Humans differ from other hominids in lacking an activating NK cell receptor that recognizes the C1 epitope of MHC class I

Abstract

Modulation of human NK cell function by killer cell Ig-like receptors (KIR) and MHC class I is dominated by the bipartite interactions of inhibitory lineage III KIR with the C1 and C2 epitopes of HLA-C. In comparison, the ligand specificities and functional contributions of the activating lineage III KIR remain poorly understood. Using a robust, sensitive assay of KIR binding and a representative panel of 95 HLA class I targets, we show that KIR2DS1 binds C2 with ~50% the avidity of KIR2DL1, whereas KIR2DS2, KIR2DS3, and KIR2DS5 have no detectable avidity for C1, C2, or any other HLA class I epitope. In contrast, the chimpanzee has activating C1- and C2-specific lineage III KIR with strong avidity, comparable to those of their paired inhibitory receptors. One variant of chimpanzee Pt-KIR3DS2, the activating C2-specific receptor, has the same avidity for C2 as does inhibitory Pt-KIR3DL4, and a second variant has ~73% the avidity. Chimpanzee Pt-KIR3DS6, the activating C1-specific receptor, has avidity for C1 that is ~70% that of inhibitory Pt-KIR2DL6. In both humans and chimpanzees we observe an evolutionary trend toward reducing the avidity of the activating C1- and C2-specific receptors through selective acquisition of attenuating substitutions. However, the extent of attenuation has been extreme in humans, as exemplified by KIR2DS2, an activating C1-specific receptor that has lost all detectable avidity for HLA class I. Supporting such elimination of activating C1-specific receptors as a uniquely human phenomenon is the presence of a high-avidity activating C1-specific receptor (Gg-KIR2DSa) in gorilla.

Fig. 1. Binding of human activating lineage III KIR to C2⁺ HLA-C and to C1⁺ HLA-B and -C

C2 binding is normalized to that of inhibitory KIR2DL1; C1 binding is normalized to that of inhibitory KIR2DL3.

Fig. 2. Binding of chimpanzee and gorilla activating lineage III KIR to C1 and C2

Panels A and B show the binding of chimpanzee KIR with C1 and C2 specificity, respectively.

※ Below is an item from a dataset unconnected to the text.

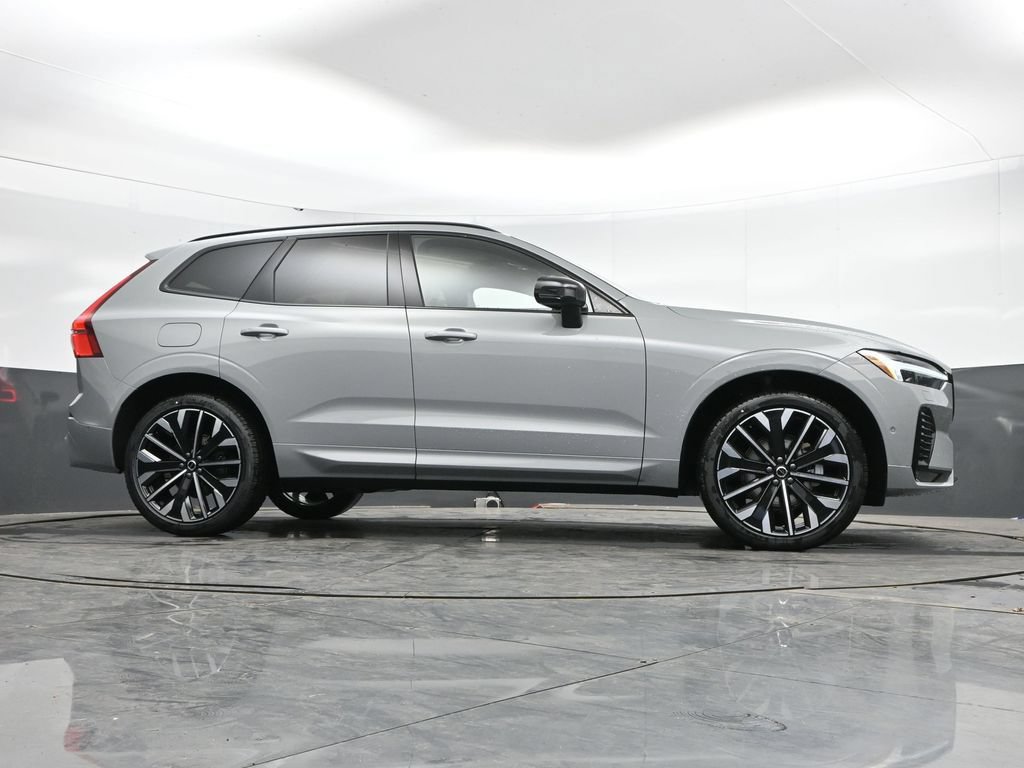 New 2026 Volvo XC60 B5 Ultra w/ Climate Package AWD/4WD image 34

Data is normalized as described in the legend to Fig. 1. Panel C compares the binding of gorilla Gg-KIR2DSa and human KIR2DL3 to HLA-A, B and C allotypes.

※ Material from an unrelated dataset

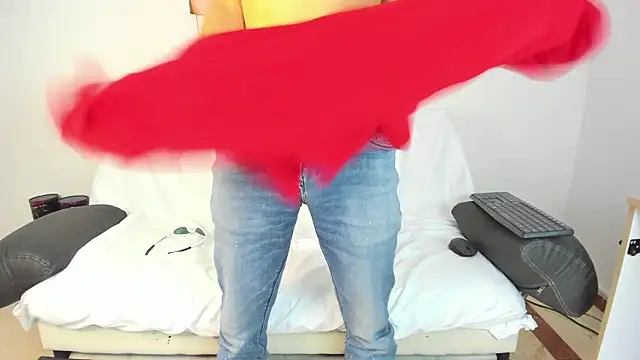 dracke and zara online show from December 2025 01:18:01 PM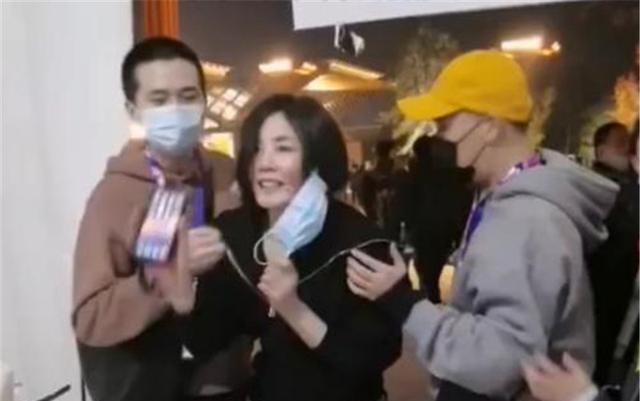 宋晓峰|他十六年前追不到王菲，如今和她女儿在一起，拿下两代明星的男人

Fig. 3. The genomic organization of the chimpanzee and human KIR loci

Shown are composite haplotypes containing all known KIR genes. Inhibitory and activating lineage III genes are colored red and blue, respectively. Conserved framework genes are colored green, other genes and the 2DP1 pseudogene are white. Double-headed arrows connect the paired receptors. †, indicates loss of reactivity by 2DS2.

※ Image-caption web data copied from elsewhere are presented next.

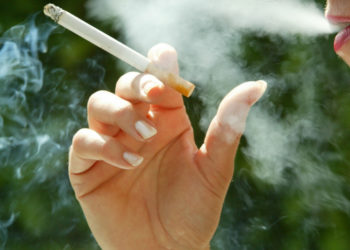 Fumatul și ficatul, o relație toxică.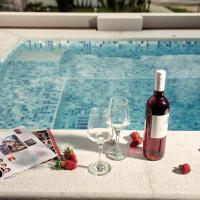 Savvas Luxury Suites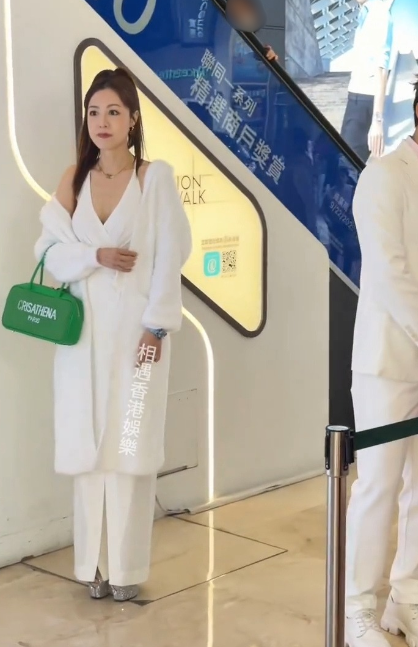 周吉佩老婆性感現身以為好多人望？一浮誇舉動遭作狀扮巨星︰其實冇人睇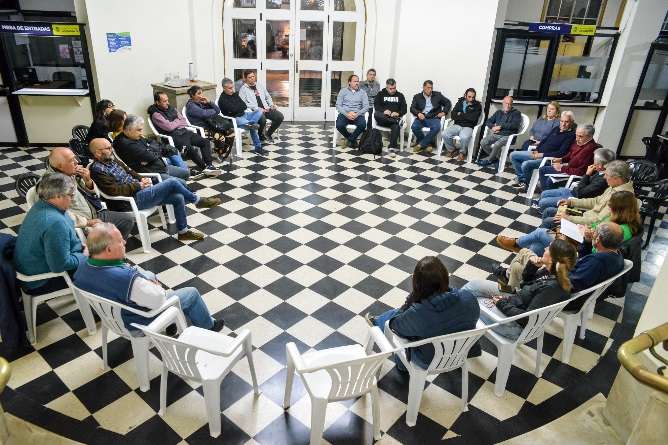 Futura pavimentacion bº escribano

Fig.4. Functional analysis of chimpanzee activating KIR

Panel A shows the results of cytotoxic assays in which the target cells are 221 cells expressing either C1+ or C2+ MHC class I and the effector cell are NKL cells expressing inhibitory chimpanzee KIR or chimeric proteins carrying the D0, D1 and D2 domains of activating KIR with the transmembrane and cytoplasmic domains of the paired inhibitory receptor. Shown is the capacity of the C2 (left) and C1 (right) epitopes to engage the chimeric receptors and prevent NKL cell mediated lysis of 221 target cells. Panel B shows the results of cytotoxic assays in which the target cells are P815 cells and the effector cells are NKL cells and NKL cell transduced with activating Pt-KIR3DS2 or inhibitory Pt-KIR3DL4 that react with the anti-KIR antibody, NKVSF1. Assays were carried out in the presence or absence of monoclonal antibodies directed against KIR, NKG2D and 2B4.